=== DATASET ===
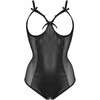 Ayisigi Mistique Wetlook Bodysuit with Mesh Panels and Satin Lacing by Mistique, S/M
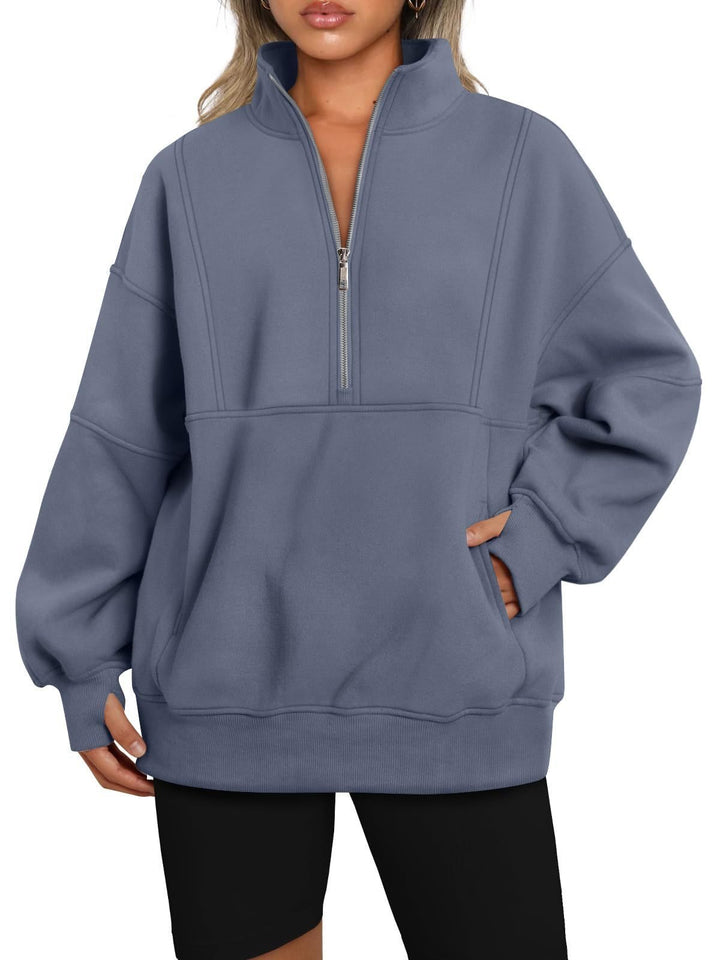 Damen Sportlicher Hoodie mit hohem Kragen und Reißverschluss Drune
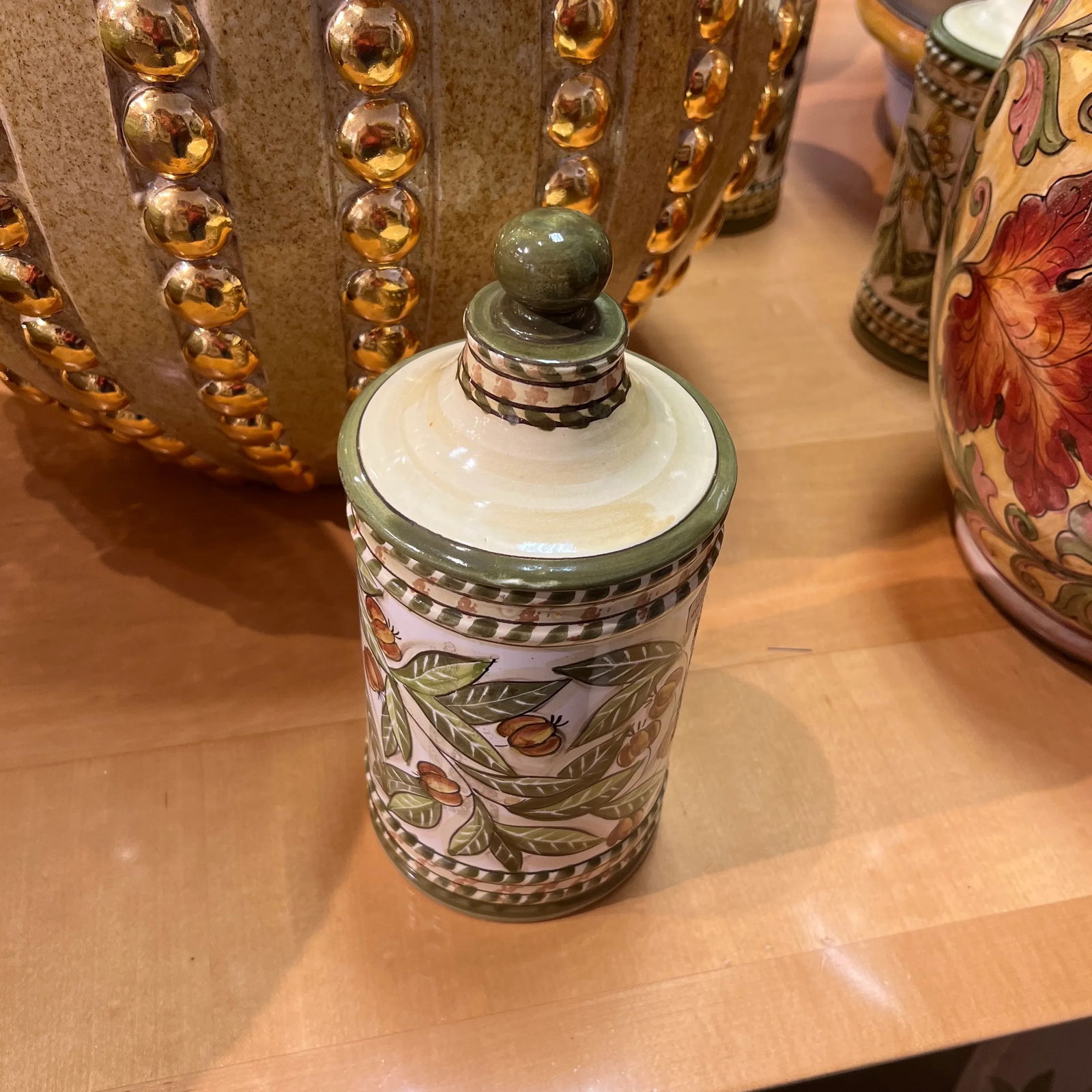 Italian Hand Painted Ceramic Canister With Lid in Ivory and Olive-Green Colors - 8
===
=== DATASET ===
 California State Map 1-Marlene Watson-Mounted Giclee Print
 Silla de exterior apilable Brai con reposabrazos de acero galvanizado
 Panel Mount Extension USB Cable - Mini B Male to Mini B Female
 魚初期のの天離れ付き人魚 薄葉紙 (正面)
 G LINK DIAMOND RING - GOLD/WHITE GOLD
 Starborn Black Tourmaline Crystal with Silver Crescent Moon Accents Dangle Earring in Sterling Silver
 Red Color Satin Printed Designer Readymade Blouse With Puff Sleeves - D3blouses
===
** WORK TO COMPLETE **
Everything between and including the line above containing "Damen Sportlicher Hoodie" and the line containing "Italian Hand Painted" should be reproduced exactly, with pictures excluded.

** PROBLEM SOLUTION **
 Damen Sportlicher Hoodie mit hohem Kragen und Reißverschluss Drune
 Italian Hand Painted Ceramic Canister With Lid in Ivory and Olive-Green Colors - 8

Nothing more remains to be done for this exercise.